[Short descriptive text snippets]
☆ ☆ ☆ ☆ ☆
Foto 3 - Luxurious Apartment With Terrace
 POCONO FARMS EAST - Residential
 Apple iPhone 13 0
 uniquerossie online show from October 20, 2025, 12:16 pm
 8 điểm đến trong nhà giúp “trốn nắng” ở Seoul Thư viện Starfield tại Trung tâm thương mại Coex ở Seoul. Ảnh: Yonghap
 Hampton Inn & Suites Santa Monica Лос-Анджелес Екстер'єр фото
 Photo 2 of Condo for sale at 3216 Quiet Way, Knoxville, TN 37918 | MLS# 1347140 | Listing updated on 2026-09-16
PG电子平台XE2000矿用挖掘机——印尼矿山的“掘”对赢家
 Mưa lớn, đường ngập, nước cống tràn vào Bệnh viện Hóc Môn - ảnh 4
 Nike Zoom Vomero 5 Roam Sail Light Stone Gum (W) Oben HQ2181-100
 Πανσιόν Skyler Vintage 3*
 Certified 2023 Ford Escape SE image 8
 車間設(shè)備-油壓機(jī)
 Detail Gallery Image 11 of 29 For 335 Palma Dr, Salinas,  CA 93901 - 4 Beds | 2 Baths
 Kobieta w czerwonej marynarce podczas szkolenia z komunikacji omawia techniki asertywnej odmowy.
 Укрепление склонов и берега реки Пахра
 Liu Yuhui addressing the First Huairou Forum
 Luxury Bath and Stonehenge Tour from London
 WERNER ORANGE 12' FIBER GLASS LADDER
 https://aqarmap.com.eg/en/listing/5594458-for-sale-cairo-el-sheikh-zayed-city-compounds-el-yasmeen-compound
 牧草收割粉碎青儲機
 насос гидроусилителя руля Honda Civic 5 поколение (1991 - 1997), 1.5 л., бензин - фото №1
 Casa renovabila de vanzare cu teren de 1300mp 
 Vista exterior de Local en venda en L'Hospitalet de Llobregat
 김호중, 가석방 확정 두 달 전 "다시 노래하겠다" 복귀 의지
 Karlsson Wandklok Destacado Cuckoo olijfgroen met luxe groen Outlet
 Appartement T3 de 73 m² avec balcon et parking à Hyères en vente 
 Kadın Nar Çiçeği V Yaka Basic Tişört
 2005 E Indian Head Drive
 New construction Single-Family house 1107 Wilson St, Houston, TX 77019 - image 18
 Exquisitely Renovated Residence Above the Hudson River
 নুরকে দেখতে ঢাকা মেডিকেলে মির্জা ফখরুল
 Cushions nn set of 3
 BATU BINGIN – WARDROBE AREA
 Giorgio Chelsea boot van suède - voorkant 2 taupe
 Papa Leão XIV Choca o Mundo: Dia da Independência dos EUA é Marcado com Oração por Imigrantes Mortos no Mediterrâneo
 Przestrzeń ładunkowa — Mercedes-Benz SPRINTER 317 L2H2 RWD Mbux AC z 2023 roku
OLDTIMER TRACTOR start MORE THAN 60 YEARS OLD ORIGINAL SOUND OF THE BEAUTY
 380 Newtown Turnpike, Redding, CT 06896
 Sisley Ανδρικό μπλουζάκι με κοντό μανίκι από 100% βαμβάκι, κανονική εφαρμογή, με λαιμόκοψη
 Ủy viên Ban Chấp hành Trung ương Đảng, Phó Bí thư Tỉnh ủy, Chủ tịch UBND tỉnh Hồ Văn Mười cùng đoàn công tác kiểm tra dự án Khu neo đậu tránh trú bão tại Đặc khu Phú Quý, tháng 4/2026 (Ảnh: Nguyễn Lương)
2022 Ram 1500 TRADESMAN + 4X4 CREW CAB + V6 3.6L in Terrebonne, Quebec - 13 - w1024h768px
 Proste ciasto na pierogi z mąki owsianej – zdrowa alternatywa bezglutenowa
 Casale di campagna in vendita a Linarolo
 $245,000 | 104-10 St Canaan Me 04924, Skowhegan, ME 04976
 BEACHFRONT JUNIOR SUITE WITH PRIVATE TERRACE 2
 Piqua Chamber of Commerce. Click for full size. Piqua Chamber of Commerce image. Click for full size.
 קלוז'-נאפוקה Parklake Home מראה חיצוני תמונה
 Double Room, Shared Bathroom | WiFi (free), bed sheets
☆ ☆ ☆ ☆ ☆
If a line falls between the first line of the data above and the line holding "380 Newtown Turnpike, Redding, CT 06896", inclusive, retype it exactly; retype no other line.

Foto 3 - Luxurious Apartment With Terrace
 POCONO FARMS EAST - Residential
 Apple iPhone 13 0
 uniquerossie online show from October 20, 2025, 12:16 pm
 8 điểm đến trong nhà giúp “trốn nắng” ở Seoul Thư viện Starfield tại Trung tâm thương mại Coex ở Seoul. Ảnh: Yonghap
 Hampton Inn & Suites Santa Monica Лос-Анджелес Екстер'єр фото
 Photo 2 of Condo for sale at 3216 Quiet Way, Knoxville, TN 37918 | MLS# 1347140 | Listing updated on 2026-09-16
PG电子平台XE2000矿用挖掘机——印尼矿山的“掘”对赢家
 Mưa lớn, đường ngập, nước cống tràn vào Bệnh viện Hóc Môn - ảnh 4
 Nike Zoom Vomero 5 Roam Sail Light Stone Gum (W) Oben HQ2181-100
 Πανσιόν Skyler Vintage 3*
 Certified 2023 Ford Escape SE image 8
 車間設(shè)備-油壓機(jī)
 Detail Gallery Image 11 of 29 For 335 Palma Dr, Salinas,  CA 93901 - 4 Beds | 2 Baths
 Kobieta w czerwonej marynarce podczas szkolenia z komunikacji omawia techniki asertywnej odmowy.
 Укрепление склонов и берега реки Пахра
 Liu Yuhui addressing the First Huairou Forum
 Luxury Bath and Stonehenge Tour from London
 WERNER ORANGE 12' FIBER GLASS LADDER
 https://aqarmap.com.eg/en/listing/5594458-for-sale-cairo-el-sheikh-zayed-city-compounds-el-yasmeen-compound
 牧草收割粉碎青儲機
 насос гидроусилителя руля Honda Civic 5 поколение (1991 - 1997), 1.5 л., бензин - фото №1
 Casa renovabila de vanzare cu teren de 1300mp 
 Vista exterior de Local en venda en L'Hospitalet de Llobregat
 김호중, 가석방 확정 두 달 전 "다시 노래하겠다" 복귀 의지
 Karlsson Wandklok Destacado Cuckoo olijfgroen met luxe groen Outlet
 Appartement T3 de 73 m² avec balcon et parking à Hyères en vente 
 Kadın Nar Çiçeği V Yaka Basic Tişört
 2005 E Indian Head Drive
 New construction Single-Family house 1107 Wilson St, Houston, TX 77019 - image 18
 Exquisitely Renovated Residence Above the Hudson River
 নুরকে দেখতে ঢাকা মেডিকেলে মির্জা ফখরুল
 Cushions nn set of 3
 BATU BINGIN – WARDROBE AREA
 Giorgio Chelsea boot van suède - voorkant 2 taupe
 Papa Leão XIV Choca o Mundo: Dia da Independência dos EUA é Marcado com Oração por Imigrantes Mortos no Mediterrâneo
 Przestrzeń ładunkowa — Mercedes-Benz SPRINTER 317 L2H2 RWD Mbux AC z 2023 roku
OLDTIMER TRACTOR start MORE THAN 60 YEARS OLD ORIGINAL SOUND OF THE BEAUTY
 380 Newtown Turnpike, Redding, CT 06896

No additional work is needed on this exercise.